I am happy and content in my own skin for the first time ever. Like seriously in my whole life. I enjoy being alone and doing all the stuff that I like to do that is solitary. And for the first time, my head is not chewing on me all the time telling me that it should be different. I should be different. I should want something other than what I actually want.
And I have no idea when this is going to change. I love spending time with friends, my parents, my kids, my pets. I have not met anyone in a dating capacity that I felt like that about. Many of the dates I have been on, make me want to go home and never date again. And it has taken me a very long time to see that this feeling that I get isn’t because of the guys, it is because I am forcing myself to do something that I really do not want to do. Date.
So I am stopping it. Not dating, not forever. Just not dating when I don’t want to go out with someone. Seems like the most honest and loving thing I can do for all involved.
I want to be wowed! I want to be amazed and anything that isn’t that, doesn’t deserve my time. And whomever is asking deserves more from me than a “ok, I guess, why not?”
Clearly I have no idea what I am doing. And that is just going to have to be ok, with me, anyway, for now.
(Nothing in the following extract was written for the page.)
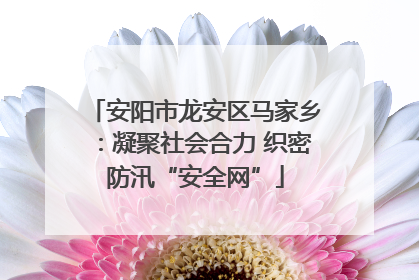 安阳市龙安区马家乡：凝聚社会合力 织密防汛“安全网”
I feel like I have spent most of my life chasing the dream of having someone really get me, that true love and loving thing that I see other people have. And so far, it has totally alluded me. So for now, I am focusing my energies elsewhere. No dating out of boredom, FOMO, because I can’t say what I really think so I just say yes as a place holder. That is fundamentally dishonest to myself and to whomever I am going out with.
Someday, perhaps, I will meet someone and there will be that feeling where I just want to know more, learn more, that I can’t stop thinking about. And that same person will feel the same way about me. Maybe that happens next week, maybe that happens never. Either way or anything in between, I have this amazing life that I have wasted so much time, energy and effort, searching for someone to share it with, only to find that I love sharing it with me. I am enough, right here as I am. I can love me and no one else has to be involved. Me and God, I guess.
I guess my solo life is never really a solo life when you have this intimate relationship with a God of your own understanding. And today, that is plenty. I am happy. I am grateful. I love my life. And perhaps someday, God will see fit to send me that big, giant love. And I will be ready. Until then I have a lot of work to do, things to write, beaches to walk, dogs to play with, businesses to start, kids to raise, parents to help. And that is truly, right here, right now, living my best life and I fucking love it and am grateful for every single minute of it.
And I will still work on my truth telling and intimacy issues, I see they block me more than anything else. And I start here, where I can own that I am the commonality, the common denominator in all my prior relationships. I am reason numero uno that nothing has worked so far…I have been in those relationships…and that is why they didn’t work out. Me, I am the problem which is the best news ever! Because if I am not the problem then there is no solution…
But I am, so there is and that is pretty fucking amazing.
Solo means to me “somehow offering love only” and the one that I have neglected, ignored and completely ran from the most in this life, is me. So I am going to keep going and somehow offering love only to myself and see what happens next. Exciting!